It’s funny how a wee trip down memory lane can remind you of how you came to reach opinions that have lasted a lifetime.
I had one of those nostalgia/confirmation jaunts just last week when I returned to Calgary for the first time since I was a reporter at City Hall there, 35 years ago.
There I was in a bustling busy city that had grown exponentially since I was plying my trade reporting on municipal politics.
New skyscrapers now loomed over the old sandstone City Hall building at the heart of the shiny local government complex.
There was a magnificent, massive modern public library for the Calgarians to enjoy that wasn’t there before.

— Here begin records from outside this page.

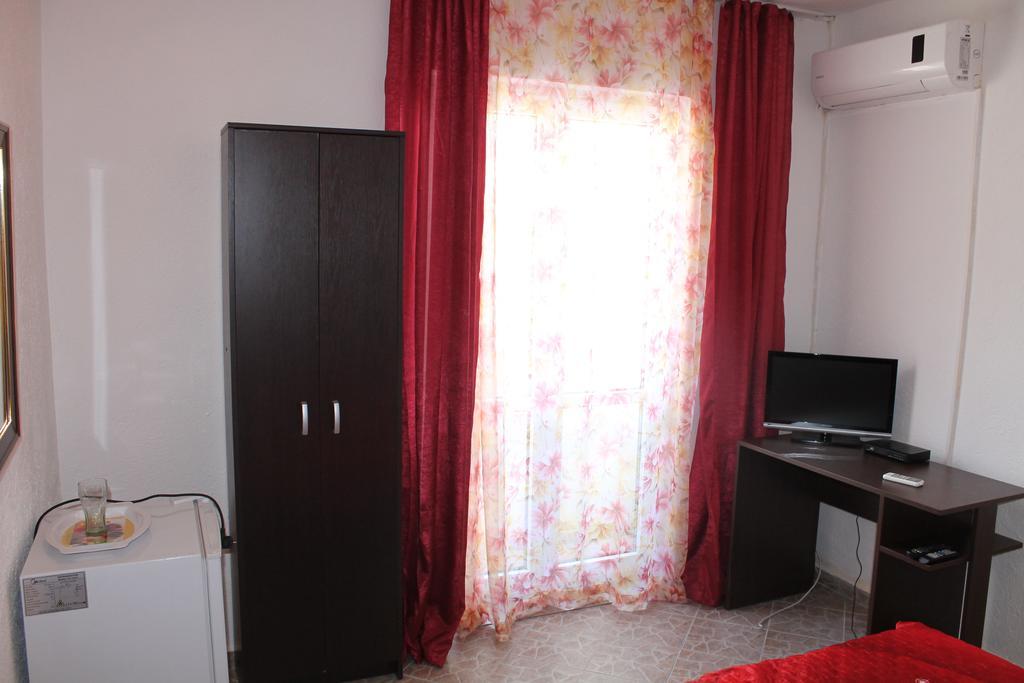 Rooms And Apartments Milana بار المظهر الخارجي الصورة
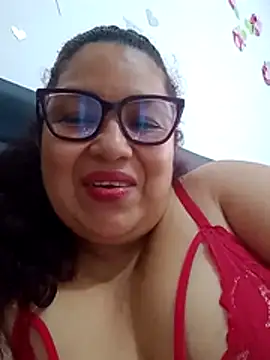 Snapshot of ladytropical1 chatting on April 8, 4:51 pm ladytropical1 online show from April 8, 4:51 pm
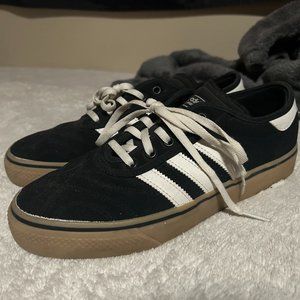 NEW Adidas gazelle Skate shoes black with gum bottom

A lovely boardwalk ran along the side of the Bow River.
It was busy and lively and clearly prosperous – although like every other North American major city did not have its troubles to seek with the visible and omnipresent problem of homelessness and addiction.
Calgary has come a long way in the past three and a bit decades since I lived there and the driving force behind that will have been its city council.
Which brings me back to validating firmly held beliefs. You see, Calgary does all this with one mayor and 14 – count ’em Jim, 14 – councillors. Not 45 like Aberdeen – 14. Not 70 like Aberdeenshire – 14.
And an absolute absence of party politics.
‘No tribalism. No point scoring’
While I was standing looking into the Calgary council chamber last week, I looked up to the wee booth in the press gallery where I got my induction 35 years into how it worked from a grizzled veteran reporter. She laughed when I asked if the seats were arranged on party lines.
“Party politics? In a council? How would that work?”
How indeed.
In Calgary you don’t stand behind a rosette and a manifesto. You stand on your name, your achievements, your talent and your unbending will to do the best for your ward and for your city.
No tribalism. No slavish following of party dictat. No point scoring.
You are there to do your best for the only folk you answer to. The people.
Now compare and contrast with what we have in every local council in Scotland – up to and including Aberdeen and Aberdeenshire.
‘Streamlined, efficient and effective’
How would things be, if instead of working as bear pit of political argument and at times sheer party pettiness, we had councillors working together for the common weal. Folk who find ways around the inevitable disagreements on policy without the pall of partisanship and dead hand of dogma.
Isn’t it time we had a clear-eyed look at how we organise ourselves in our local councils in this country?
Couldn’t we at least stop and ask if this is the best way of doing things and whether we can imagine a better way, one that is streamlined, efficient and effective?
We don’t have to imagine when we can see it for ourselves in places like Calgary.